Meanswhile, I read where Bremer said that the one thing George wanted to get from the Iraqis was some kind of token of appreciation for all he had done for the country, a kind of national thank you for coming over note. I am pretty sure my hosts will get theirs before he gets his.

Friday, August 04, 2006

Wake-ups


Because it's been so hot, at least for New York City- 95 degrees fries brains around here, I've been going to the park earlier and earlier. The A train gets me to 59th Street at just about the time you can see your hand in front of your face 5:25am. There are always bikers and runners in the park before me. The cops are always there too. The police go around to the various benches near the entrance and do wake-ups for the people sleeping there. Everyone knows the routine. Cops yell "Hey", sleeping person lifts head and says nothing. Cops move on to the next bench. It's like watching someone do an odd version of the Stations of the Cross or maybe seeing some tourists in a hurry at the Met. I watched a group of people go through the Monet section in about five minutes once. They moved in front of each painting, there was a moment of reflection, some murmured comments and then they moved to the next and the next and the next. I turned around to look at one of the statues and when I glanced their way again, they were gone.

The cops move into the park about the same time I do. They roust the people under the trees near the public johns (which are locked up tight at that hour. I don't know when they open but I have taught myself not to need to go before the morning run.) I grab a sip of water from the fountain, start my music, start my watch and head out. I re-mapped a three mile route the other day because I was getting bored with always going up around the little horseshoe. It is a good run, starts uphill and passes the lake and Cleopatra's Needle is the two mile mark.

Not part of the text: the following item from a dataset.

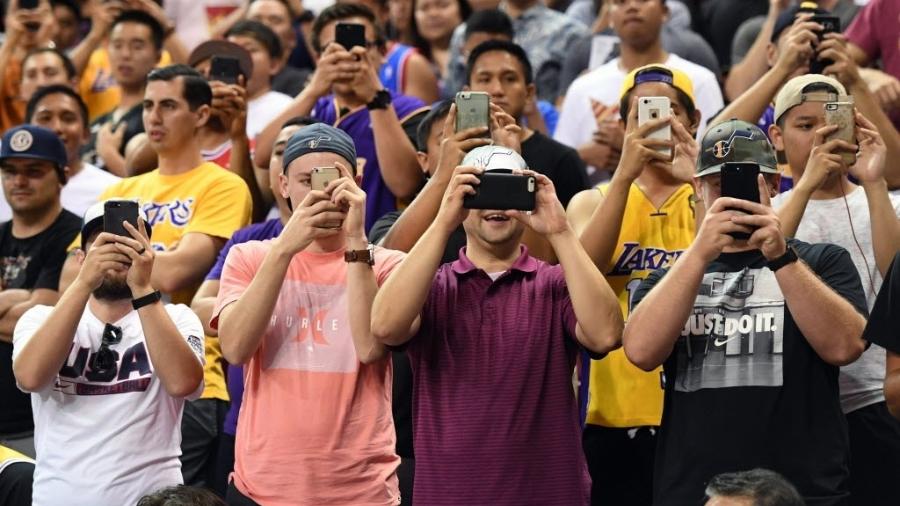 Jovens usam celular em jogo de basquete nos Estados Unidos - Ethan Miller/Getty Images/AFP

But even that can get old, so I figured out on a map that if I ran one and half laps around the lower loop and then headed for Fifth Ave I would get exactly three miles.
Except that it turns out I was trying to kill myself. The lower loop, if you head North is uphill all the way to the Fifth Ave Exit, so I was making myself run up two really long uphills and then finishing with a teeny downhill to the zoo.

Which is why you should always map things out on site and by sight rather than on paper. That was my wake-up.